Andres Manuel Lopez Obrador, the overwhelming victor in Mexico’s recent presidential election, believes that his future administration will make the state oil company Petroleos Mexicanos, aka Pemex, “great once again.”

Lopez Obrador speaks with the confidence of a successful politician, of which there is no doubt, following a historic rout on July 1 that lifted him to the presidency. He takes office Dec. 1.

Prominent figures in the business community who questioned his policies, sometimes fiercely, now hail Lopez Obrador, and the markets have given him a vote of confidence.

Yet many observers of the Mexican oil industry have doubts about Lopez Obrador’s “great once again” policy on Pemex and indicate the future president will need his legendary doggedness to overcome the ills of the legacy producer.

The “good old days” of 12 years ago when the Cantarell field pumped more than half of the Mexico’s oil output from the Sound of Campeche are long gone.

“It’s really extraordinary that Mexico’s proven reserves of oil and natural gas have declined for 37 straight years,” said editor/publisher David Shields of Energia a Debate.

Some people in the Lopez Obrador Administration have spoken about the possibility of production ramping up to 3 million b/d.

“But where are the conventional resources going to come from for that level of output? Mexican administrations last for six years,” said Shields. “And Mexican presidents cannot be re-elected. By the end of Lopez Obrador’s term the current reserves will have to be close to exhaustion and have to be replaced.”

Pemex production is currently running at just under 1.9 million b/d of crude and slightly more than 3 MMcf/d of natural gas (not including nitrogen).

Analyst Arturo Carranza of the National Institute of Public Administration believes that the new president’s likely Energy Secretary Rocio Nahle has convinced Lopez Obrador that the crisis in Pemex refining needs to be addressed. The construction of at least one refinery and revamps of the other five are needed to reduce the acute shortage off gasoline and other products, Carranza said.

“The problem there is money,” he said. “It’s not at all clear how the cash could be made available. Might the private sector be interested in pitching in? Let’s see.”

The future administration’s expected Finance Secretary Carlos Urzúa has made clear that his watchword — to the relief of the business community — is fiscal discipline.

And, noted Carranza, “We have to take into account Lopez Obrador’s election pledges to provide state pensions for the elderly and financial support for young people from underprivileged families who want to move into higher education.”

The pensions amount to a modest $330 a month, but about 20 million Mexicans would be eligible to receive them.

The economic challenge is undoubtedly a tough one, “but there’s no need for fatalism where the oil industry is concerned,” said Shields. “The industry can produce a show of force, with intensive programs” of exploration using drilling techniques that built U.S. reserves, like hydraulic fracturing. “But that would require technical and financial capacity that Pemex simply doesn’t have.”

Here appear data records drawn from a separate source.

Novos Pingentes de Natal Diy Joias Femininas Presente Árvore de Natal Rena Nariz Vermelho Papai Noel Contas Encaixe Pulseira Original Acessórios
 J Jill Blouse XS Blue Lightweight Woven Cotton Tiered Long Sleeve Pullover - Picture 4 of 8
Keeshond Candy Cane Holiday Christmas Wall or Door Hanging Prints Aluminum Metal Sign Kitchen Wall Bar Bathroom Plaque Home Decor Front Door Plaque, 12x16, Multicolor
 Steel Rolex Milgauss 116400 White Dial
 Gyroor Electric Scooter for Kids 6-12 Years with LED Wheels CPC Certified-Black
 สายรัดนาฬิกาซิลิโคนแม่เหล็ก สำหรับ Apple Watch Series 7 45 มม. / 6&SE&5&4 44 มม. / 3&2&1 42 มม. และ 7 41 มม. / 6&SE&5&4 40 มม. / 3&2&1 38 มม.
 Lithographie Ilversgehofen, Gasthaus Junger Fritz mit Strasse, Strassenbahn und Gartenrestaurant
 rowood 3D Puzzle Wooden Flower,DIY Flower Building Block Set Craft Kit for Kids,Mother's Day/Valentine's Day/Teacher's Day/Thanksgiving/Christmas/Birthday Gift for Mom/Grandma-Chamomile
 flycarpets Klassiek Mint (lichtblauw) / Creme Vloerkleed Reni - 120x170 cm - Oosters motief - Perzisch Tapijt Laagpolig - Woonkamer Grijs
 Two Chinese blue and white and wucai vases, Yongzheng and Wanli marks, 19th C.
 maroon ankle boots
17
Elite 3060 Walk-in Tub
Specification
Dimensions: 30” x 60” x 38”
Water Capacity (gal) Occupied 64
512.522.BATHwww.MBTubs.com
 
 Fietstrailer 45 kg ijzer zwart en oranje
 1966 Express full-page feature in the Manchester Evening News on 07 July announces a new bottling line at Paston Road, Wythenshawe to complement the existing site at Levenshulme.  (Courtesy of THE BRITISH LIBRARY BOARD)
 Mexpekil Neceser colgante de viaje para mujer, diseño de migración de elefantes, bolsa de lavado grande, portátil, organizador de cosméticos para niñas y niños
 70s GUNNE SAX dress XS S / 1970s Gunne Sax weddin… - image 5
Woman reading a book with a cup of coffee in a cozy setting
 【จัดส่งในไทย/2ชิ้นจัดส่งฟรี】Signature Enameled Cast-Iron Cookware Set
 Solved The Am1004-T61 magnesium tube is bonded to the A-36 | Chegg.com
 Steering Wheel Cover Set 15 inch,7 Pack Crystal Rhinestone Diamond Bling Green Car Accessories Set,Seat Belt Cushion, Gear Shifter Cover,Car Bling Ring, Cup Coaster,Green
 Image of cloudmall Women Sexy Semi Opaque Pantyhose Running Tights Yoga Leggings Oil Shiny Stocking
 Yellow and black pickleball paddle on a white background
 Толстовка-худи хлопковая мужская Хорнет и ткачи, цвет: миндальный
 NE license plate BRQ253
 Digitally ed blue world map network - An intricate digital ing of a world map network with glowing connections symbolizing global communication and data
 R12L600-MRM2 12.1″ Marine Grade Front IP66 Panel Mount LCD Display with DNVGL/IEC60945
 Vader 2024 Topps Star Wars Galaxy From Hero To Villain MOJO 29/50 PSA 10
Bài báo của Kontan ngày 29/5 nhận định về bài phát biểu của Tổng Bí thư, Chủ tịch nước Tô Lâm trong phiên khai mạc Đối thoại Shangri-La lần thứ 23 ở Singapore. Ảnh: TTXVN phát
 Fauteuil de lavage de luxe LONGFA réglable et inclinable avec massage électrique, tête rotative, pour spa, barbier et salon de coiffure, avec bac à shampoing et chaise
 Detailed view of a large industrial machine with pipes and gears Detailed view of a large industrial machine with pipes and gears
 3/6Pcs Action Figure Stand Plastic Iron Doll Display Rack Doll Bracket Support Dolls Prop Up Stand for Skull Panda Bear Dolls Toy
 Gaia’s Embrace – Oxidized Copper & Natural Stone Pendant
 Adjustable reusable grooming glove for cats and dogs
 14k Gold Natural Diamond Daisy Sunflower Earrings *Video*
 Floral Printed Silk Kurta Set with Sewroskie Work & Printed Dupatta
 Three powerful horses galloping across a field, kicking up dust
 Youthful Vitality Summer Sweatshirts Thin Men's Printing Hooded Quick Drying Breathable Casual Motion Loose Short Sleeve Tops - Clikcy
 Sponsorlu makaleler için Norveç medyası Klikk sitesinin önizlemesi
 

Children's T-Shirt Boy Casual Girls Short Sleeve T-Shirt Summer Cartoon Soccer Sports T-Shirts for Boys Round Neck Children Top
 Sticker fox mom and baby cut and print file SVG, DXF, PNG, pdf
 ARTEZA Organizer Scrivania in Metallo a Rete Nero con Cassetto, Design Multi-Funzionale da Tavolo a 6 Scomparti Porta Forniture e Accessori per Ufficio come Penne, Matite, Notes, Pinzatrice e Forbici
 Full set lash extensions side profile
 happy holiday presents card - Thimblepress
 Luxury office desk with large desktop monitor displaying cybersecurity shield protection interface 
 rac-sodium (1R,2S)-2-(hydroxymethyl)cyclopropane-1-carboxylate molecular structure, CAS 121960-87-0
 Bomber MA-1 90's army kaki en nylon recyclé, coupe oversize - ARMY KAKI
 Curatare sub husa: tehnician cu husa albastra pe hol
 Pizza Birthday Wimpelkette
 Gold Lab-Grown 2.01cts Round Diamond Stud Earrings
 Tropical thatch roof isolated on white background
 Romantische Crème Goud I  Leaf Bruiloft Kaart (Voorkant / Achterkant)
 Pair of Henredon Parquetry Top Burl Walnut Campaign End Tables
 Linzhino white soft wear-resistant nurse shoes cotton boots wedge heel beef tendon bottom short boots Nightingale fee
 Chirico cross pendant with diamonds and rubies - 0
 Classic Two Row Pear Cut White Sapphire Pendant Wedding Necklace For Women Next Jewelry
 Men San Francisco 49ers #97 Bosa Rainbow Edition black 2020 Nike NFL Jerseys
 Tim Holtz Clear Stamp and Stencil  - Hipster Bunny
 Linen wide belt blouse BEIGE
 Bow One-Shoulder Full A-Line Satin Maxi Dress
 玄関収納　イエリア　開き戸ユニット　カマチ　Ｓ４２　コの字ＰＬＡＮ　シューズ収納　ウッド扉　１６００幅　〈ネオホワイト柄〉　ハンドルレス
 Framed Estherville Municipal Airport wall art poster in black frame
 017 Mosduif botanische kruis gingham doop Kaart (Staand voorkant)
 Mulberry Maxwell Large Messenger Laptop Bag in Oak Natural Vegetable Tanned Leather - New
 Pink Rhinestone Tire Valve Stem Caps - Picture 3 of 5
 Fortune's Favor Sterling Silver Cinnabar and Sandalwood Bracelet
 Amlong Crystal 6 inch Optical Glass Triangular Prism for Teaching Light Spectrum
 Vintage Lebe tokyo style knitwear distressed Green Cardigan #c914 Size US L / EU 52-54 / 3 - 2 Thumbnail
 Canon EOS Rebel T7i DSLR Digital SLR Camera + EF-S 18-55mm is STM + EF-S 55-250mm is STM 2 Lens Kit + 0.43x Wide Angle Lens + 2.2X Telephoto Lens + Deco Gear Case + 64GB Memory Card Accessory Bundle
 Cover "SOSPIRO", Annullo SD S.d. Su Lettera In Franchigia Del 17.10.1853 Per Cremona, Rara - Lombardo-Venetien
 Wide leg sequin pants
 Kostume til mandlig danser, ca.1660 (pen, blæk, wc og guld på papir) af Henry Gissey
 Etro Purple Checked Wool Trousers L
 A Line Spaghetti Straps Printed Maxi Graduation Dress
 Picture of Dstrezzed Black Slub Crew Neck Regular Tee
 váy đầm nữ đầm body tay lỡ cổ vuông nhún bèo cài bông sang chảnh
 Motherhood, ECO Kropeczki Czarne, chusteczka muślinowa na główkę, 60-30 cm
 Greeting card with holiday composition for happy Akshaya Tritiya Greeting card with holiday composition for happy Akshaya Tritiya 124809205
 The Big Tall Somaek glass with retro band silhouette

Which is why, he said, it would be “madness” to attempt to set the 2013-14 energy reform into reverse. Pemex in recent years — and possibly for the foreseeable future — has had relatively meager financial and technical resources.

However, Lopez Obrador spent years in the political wilderness. Shields argued that Pemex too, could certainly be great once again.

“I’m not talking about ‘great’ in terms of size,” he said. “By ”greatness,’ Pemex should aim for efficiency and technical competence. It needs a kind of surgical operation that can reshape its way of working and thinking…If it fails to do so, it will continue to slide down what is already a slippery slope.”